What you have to do - Some of the lines below need repeating. Reproduce exactly those between the lines holding "That's the Motorola" and "It's got a perfect", inclusive.

Listed records -
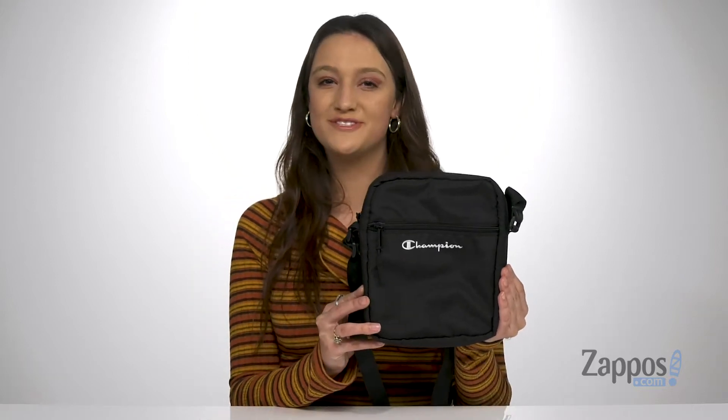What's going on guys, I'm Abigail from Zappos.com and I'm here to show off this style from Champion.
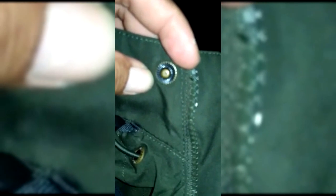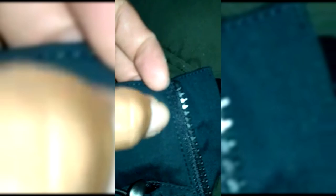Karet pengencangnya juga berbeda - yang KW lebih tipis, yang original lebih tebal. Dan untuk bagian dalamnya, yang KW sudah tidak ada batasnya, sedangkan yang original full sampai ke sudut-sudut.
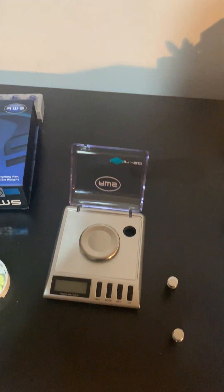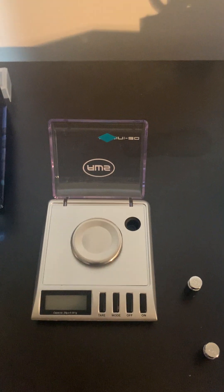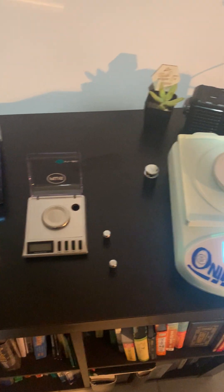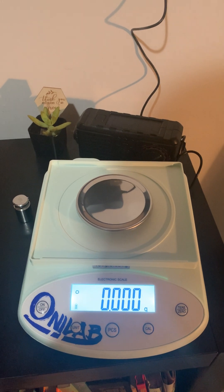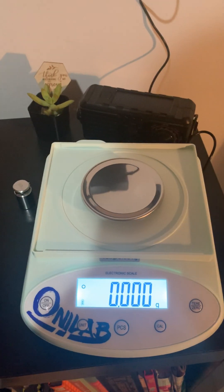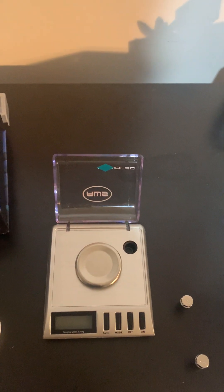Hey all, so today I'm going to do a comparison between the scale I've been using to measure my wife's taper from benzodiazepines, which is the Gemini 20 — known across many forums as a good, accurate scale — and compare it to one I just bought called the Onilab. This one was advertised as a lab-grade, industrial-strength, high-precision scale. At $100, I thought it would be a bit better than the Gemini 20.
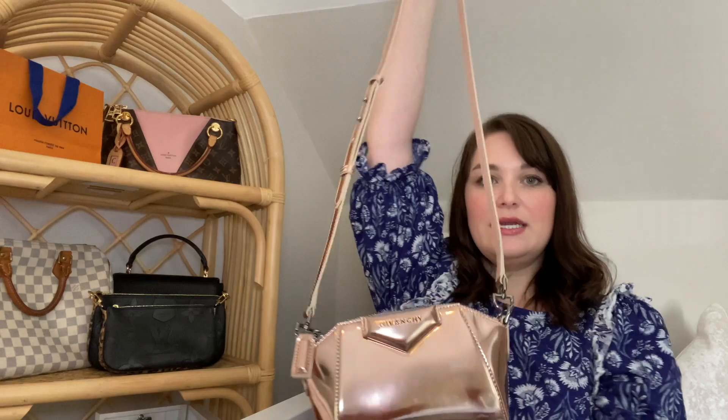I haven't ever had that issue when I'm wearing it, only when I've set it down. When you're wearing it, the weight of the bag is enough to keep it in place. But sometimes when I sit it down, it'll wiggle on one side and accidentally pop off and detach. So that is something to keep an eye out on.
...
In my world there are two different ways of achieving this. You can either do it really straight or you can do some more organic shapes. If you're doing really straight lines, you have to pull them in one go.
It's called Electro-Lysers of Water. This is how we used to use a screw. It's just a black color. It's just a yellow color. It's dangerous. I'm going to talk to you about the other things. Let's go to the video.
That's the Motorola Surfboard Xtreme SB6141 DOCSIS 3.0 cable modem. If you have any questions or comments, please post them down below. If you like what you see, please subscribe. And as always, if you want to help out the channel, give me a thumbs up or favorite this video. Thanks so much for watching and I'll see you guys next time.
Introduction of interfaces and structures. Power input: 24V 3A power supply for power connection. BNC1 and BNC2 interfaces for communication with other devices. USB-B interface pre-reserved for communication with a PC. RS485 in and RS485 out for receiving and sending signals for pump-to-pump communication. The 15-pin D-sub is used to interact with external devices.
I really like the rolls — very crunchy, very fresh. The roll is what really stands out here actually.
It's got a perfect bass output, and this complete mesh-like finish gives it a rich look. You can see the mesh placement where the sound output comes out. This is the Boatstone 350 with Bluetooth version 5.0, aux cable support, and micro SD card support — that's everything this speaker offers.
---
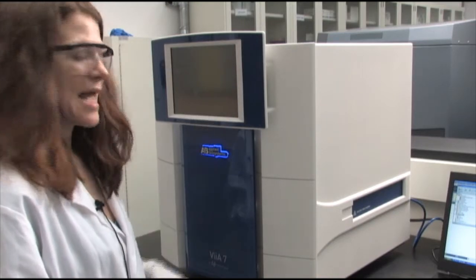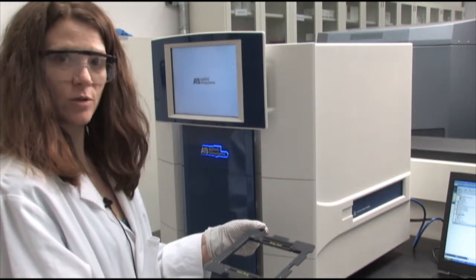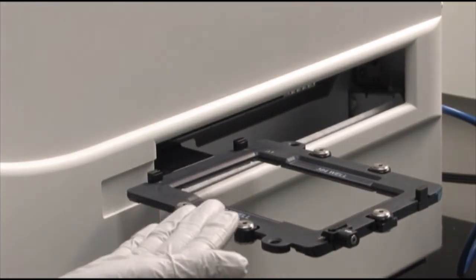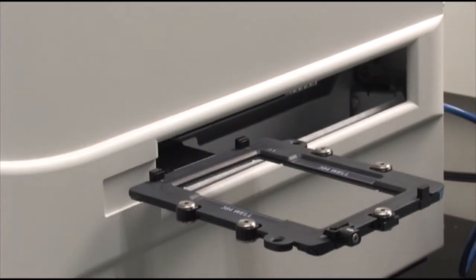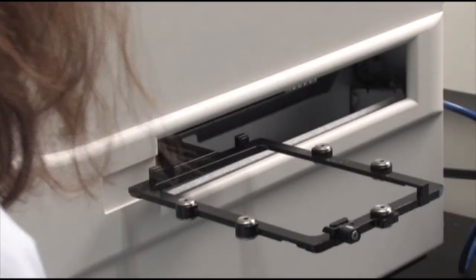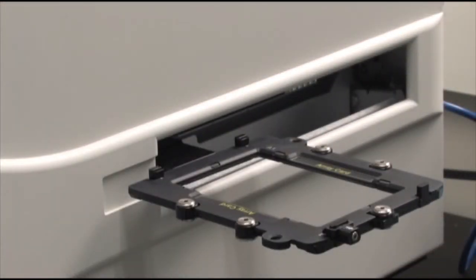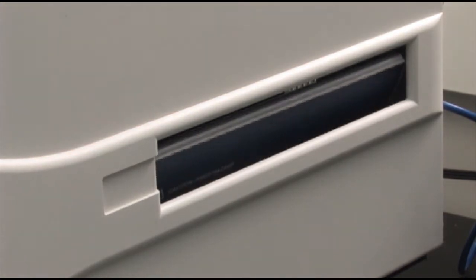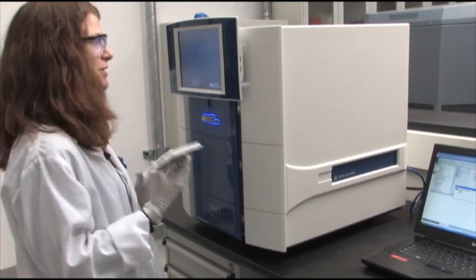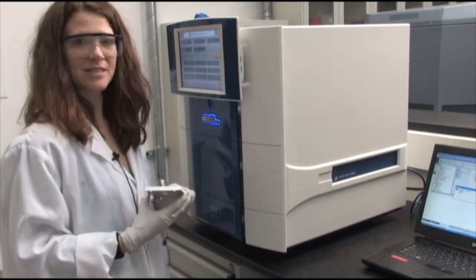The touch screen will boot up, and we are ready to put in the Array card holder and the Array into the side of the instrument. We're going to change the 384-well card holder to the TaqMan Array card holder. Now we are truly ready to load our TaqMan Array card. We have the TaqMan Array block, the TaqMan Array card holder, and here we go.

Solution to this problem -
That's the Motorola Surfboard Xtreme SB6141 DOCSIS 3.0 cable modem. If you have any questions or comments, please post them down below. If you like what you see, please subscribe. And as always, if you want to help out the channel, give me a thumbs up or favorite this video. Thanks so much for watching and I'll see you guys next time.
Introduction of interfaces and structures. Power input: 24V 3A power supply for power connection. BNC1 and BNC2 interfaces for communication with other devices. USB-B interface pre-reserved for communication with a PC. RS485 in and RS485 out for receiving and sending signals for pump-to-pump communication. The 15-pin D-sub is used to interact with external devices.
I really like the rolls — very crunchy, very fresh. The roll is what really stands out here actually.
It's got a perfect bass output, and this complete mesh-like finish gives it a rich look. You can see the mesh placement where the sound output comes out. This is the Boatstone 350 with Bluetooth version 5.0, aux cable support, and micro SD card support — that's everything this speaker offers.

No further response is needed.